Data to examine:
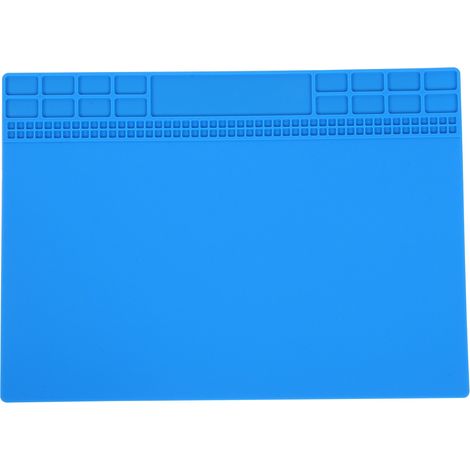 Tapis de réparation en silicone résistant à la chaleur 350x250x4mm bleu foncé pour station de soudure, outils de réparation ordinateur et téléphone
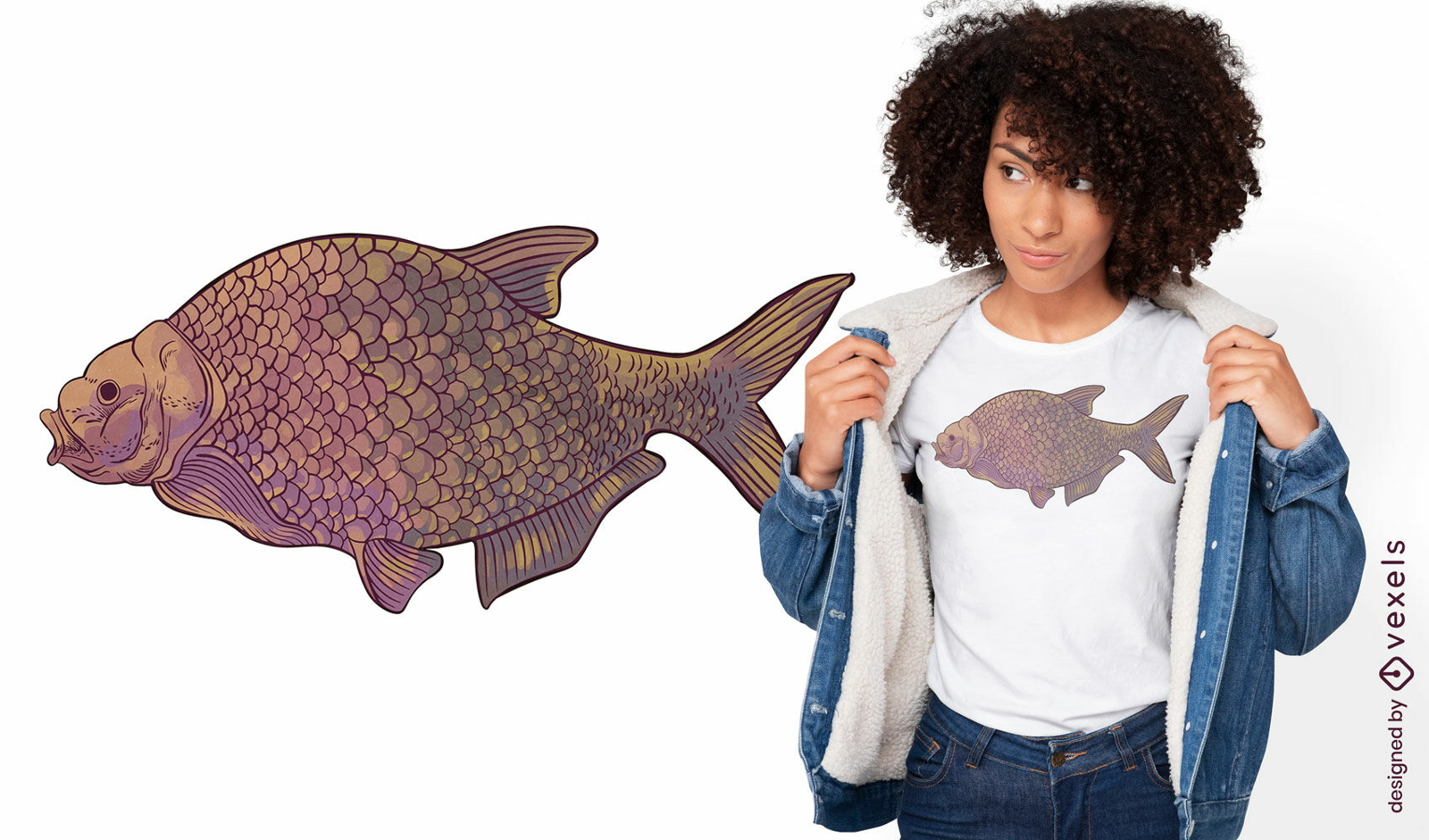 Realistic purple fish t-shirt design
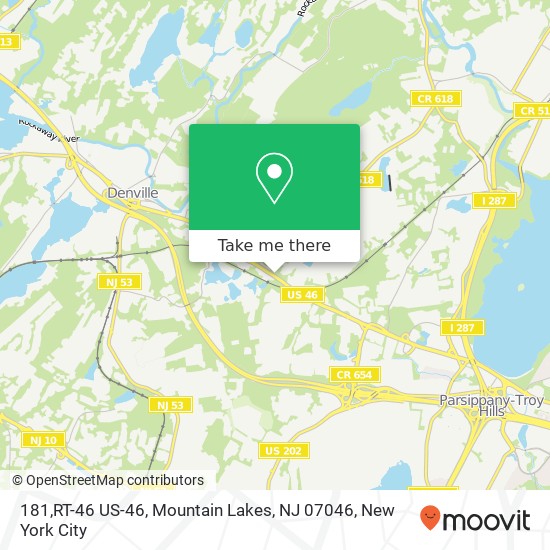 Mapa de 181,RT-46 US-46, Mountain Lakes, NJ 07046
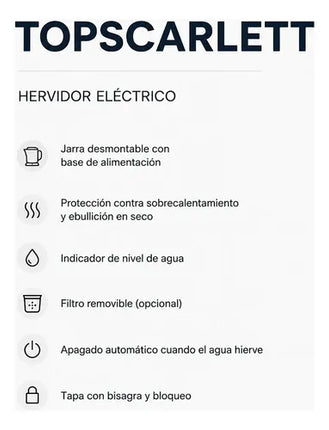 Hervidor Eléctrico Jarra Eléctrica 2 Lts. Plateado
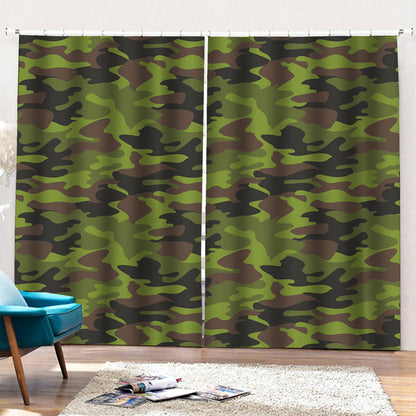Dark Green And Black Camouflage Print Pencil Pleat Curtains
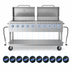 Thumbnail image #4 for KoolMore 72-Inch Mobile 10-Burner Commercial Outdoor Propane Grill with Two 36-Inch Roll Dome Covers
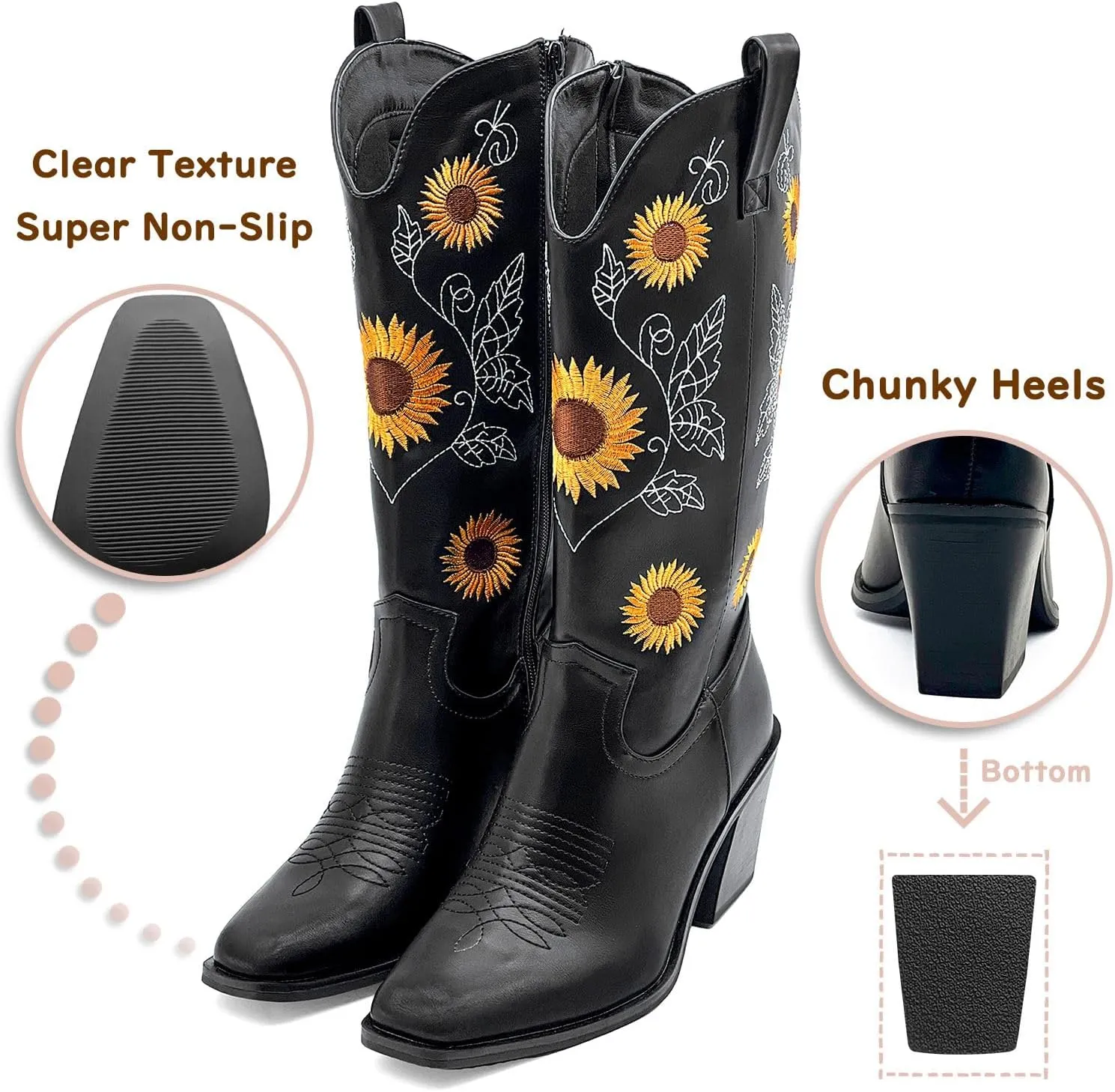 Western Cowboy Boots for Women Mid Calf Cowgirl Boots with Classic Sunflower Embroidered Slip On Square Toe Chunky High Heels Fashion Retro Pull-On Boot for Girls Ladies Fall & Winter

Problem requirements:
Retype, word for word, the lines from the one with "Mapa de 181,RT-46" through the last line of the entries above, and only those lines. Leave pictures out.

Response below:
 Mapa de 181,RT-46 US-46, Mountain Lakes, NJ 07046
 Hervidor Eléctrico Jarra Eléctrica 2 Lts. Plateado
Dark Green And Black Camouflage Print Pencil Pleat Curtains
 Thumbnail image #4 for KoolMore 72-Inch Mobile 10-Burner Commercial Outdoor Propane Grill with Two 36-Inch Roll Dome Covers
 Western Cowboy Boots for Women Mid Calf Cowgirl Boots with Classic Sunflower Embroidered Slip On Square Toe Chunky High Heels Fashion Retro Pull-On Boot for Girls Ladies Fall & Winter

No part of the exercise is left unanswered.